Dünya tarihinde faşizm hep oldu, çoğunlukla yavşakça oldu. Toplumlar, birbirlerine olan nefreti, her zaman açık açık kusamadı. İlk çağlarda toplumların köleleri genelde kendi toplumlarından oldu. Belli etnik grupların köleleştirilmesi de sık sık görülürdü ama genelde fethedilen yerlerin elitleri de vatandaş yapılırdı; Pers ve Roma imparatorluklarında durum böyleydi. Bu milletler, başka milletlerden insanlara vatandaşlık veriyor, asker alıyordu. Her millete bir şekilde ihtiyaç vardı. 

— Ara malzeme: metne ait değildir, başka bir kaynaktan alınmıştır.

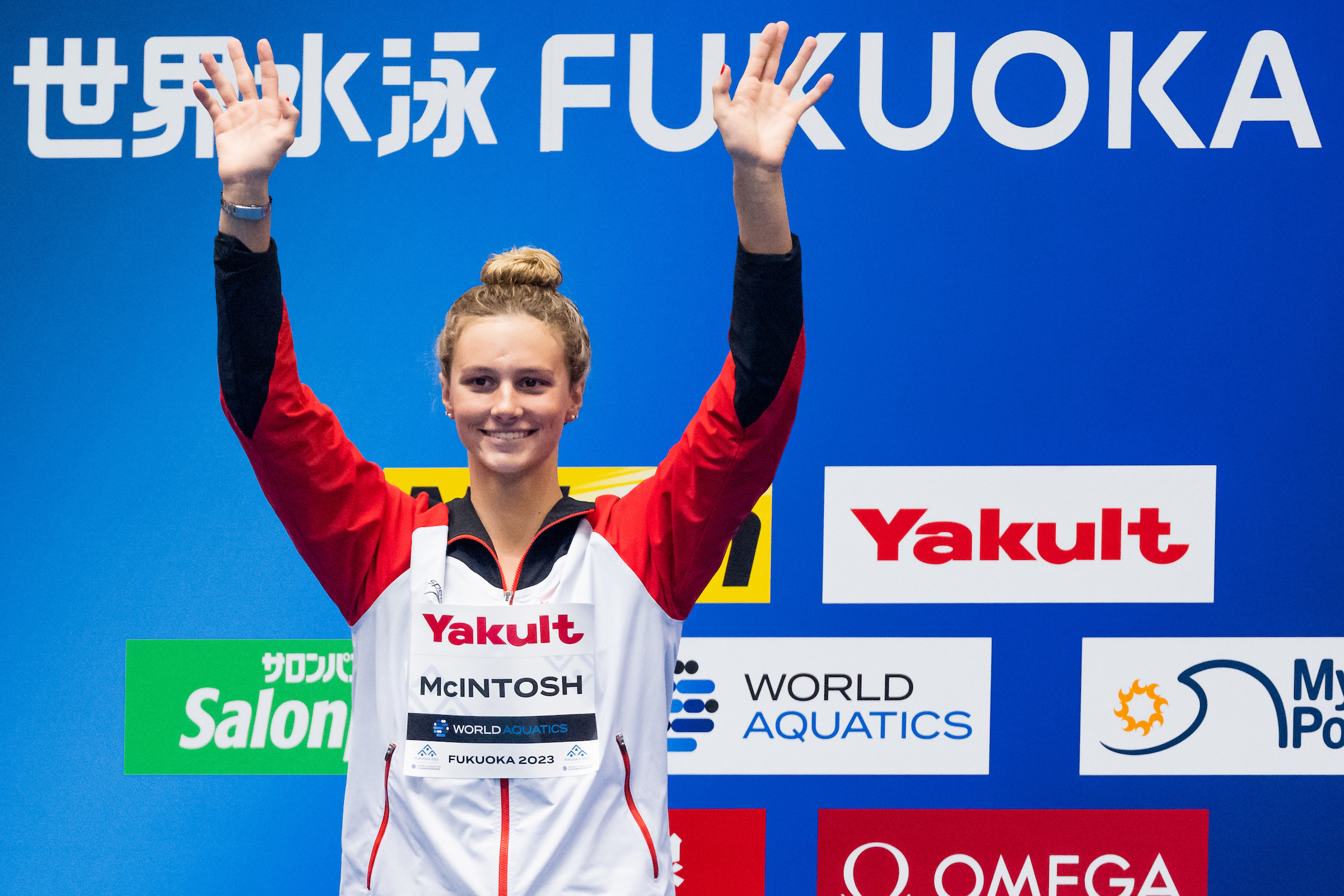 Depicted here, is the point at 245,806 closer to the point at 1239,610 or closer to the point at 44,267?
the point at 44,267

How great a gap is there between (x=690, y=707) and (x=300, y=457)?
41.8 inches

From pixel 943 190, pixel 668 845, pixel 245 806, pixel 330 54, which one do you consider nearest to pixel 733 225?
pixel 943 190

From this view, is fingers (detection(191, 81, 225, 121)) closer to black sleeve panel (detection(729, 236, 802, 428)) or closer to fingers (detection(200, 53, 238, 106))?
fingers (detection(200, 53, 238, 106))

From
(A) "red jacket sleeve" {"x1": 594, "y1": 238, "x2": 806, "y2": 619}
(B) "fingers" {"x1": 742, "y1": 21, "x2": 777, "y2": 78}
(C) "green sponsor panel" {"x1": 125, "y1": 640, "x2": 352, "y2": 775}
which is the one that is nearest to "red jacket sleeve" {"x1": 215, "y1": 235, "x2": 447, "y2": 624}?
(A) "red jacket sleeve" {"x1": 594, "y1": 238, "x2": 806, "y2": 619}

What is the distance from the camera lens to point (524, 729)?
130 cm

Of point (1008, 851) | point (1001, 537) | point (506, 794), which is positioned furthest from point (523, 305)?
point (1008, 851)

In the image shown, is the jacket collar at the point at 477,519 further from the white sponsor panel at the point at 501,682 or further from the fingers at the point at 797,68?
the fingers at the point at 797,68

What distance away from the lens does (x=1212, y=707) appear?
212 cm

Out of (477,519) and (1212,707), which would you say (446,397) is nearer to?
(477,519)

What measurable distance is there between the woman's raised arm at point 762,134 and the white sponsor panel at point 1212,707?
1.27m

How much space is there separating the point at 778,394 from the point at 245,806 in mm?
1424

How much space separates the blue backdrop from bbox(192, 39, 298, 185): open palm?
2.67ft

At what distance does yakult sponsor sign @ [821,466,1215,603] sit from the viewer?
209 centimetres

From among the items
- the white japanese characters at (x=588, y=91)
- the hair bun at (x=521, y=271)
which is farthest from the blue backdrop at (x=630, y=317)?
the hair bun at (x=521, y=271) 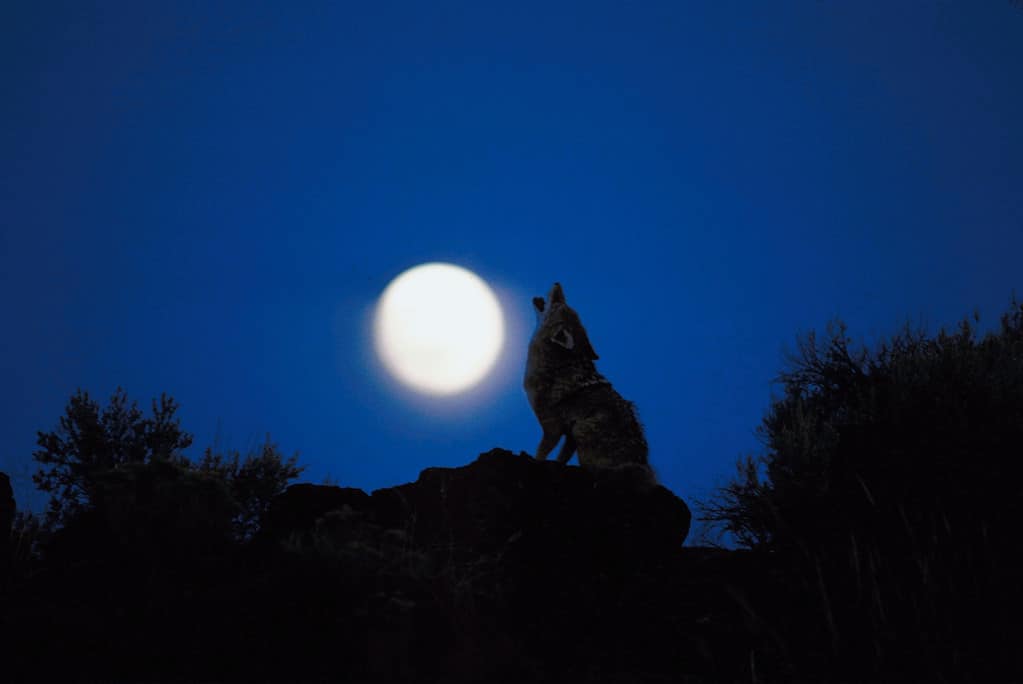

Bunun istisnaları da vardı tabi; bazı toplumlar o kadar asi oluyordu ki, toptan köleleştiriliyor ve lanetleniyordu. Bunun en önemli örneği Yahudilerdi. Yahudi isyanları, Roma'ya o kadar çok asker ve paraya mal oldu ki, Yahudilerden toptan nefret etti ve bu nefreti imparatorluktaki tüm milletlere sindi. Özünde Yahudi inancı olarak başlayan Hristiyanlık bile, İsa'nın çarmıha gerilmesi hikayesi ile Yahudi düşmanı oldu. Orta çağda en yaygın faşizan nefret, Yahudiler üzerine olandı. 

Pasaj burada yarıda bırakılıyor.